Sam S. Shubert was killed in a railroad accident at age 27, and local newspaper accounts noted he was on his way to Kansas City at the time of the accident. Company historians later disclosed that the Shuberts treated accounts of their personal lives like press releases, and that the Kansas City trip was most likely a public relations gesture to build support for the theater. Sam S. Shubert was memorialized nonetheless, most prominently in the mosaic floor of the theater where his name was spelled out.
The theater was built at a cost of $131,000 and opened on October 1, 1906. Despite seating 1700 patrons, it was renowned for its intimacy. This effect was further enhanced by the absence of support pillars, as balconies and the ceiling were supported by steel beams providing an unobstructed view of the stage from any seat. Warm red tones in the wall hangings and curtains contributed to the ambiance of coziness.

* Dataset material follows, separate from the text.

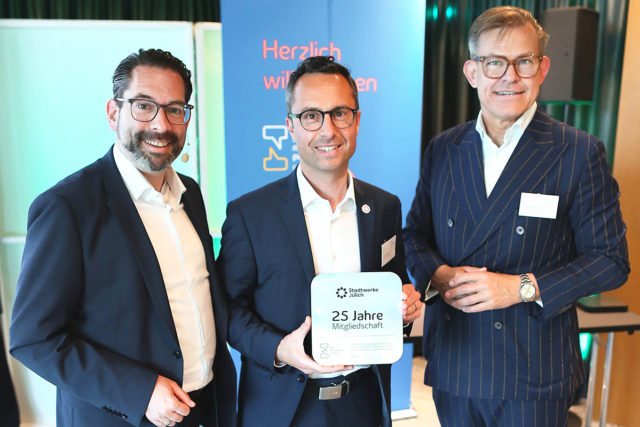 SWJ - 25 Jahre Netzwerkpartner (v.l.) Benjamin Pehle, Ivan Ardines und Frank Kindervatter Foto Netzwerkpartner_web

Despite the success of the theater’s legitimate offerings during the 1900s, 10s and 20s, distractions like the automobile and motion pictures cut into the Shubert’s business. The owners tried to compete, eventually spending $8,000 to install a new sound system that would enable them to show movies. All Quiet on the Western Front was the first motion picture exhibited at the theater in 1930 and the Shubert still remained first and foremost a live theater.
Despite the additional programming, financial pressures from the Great Depression doomed the theater. In 1936, the Shubert was razed to its basement, which was used as a parking garage for the remaining office tower. From a hole in the ground, a new Shubert Theater later sprang, only to be reduced to the same fate three decades later.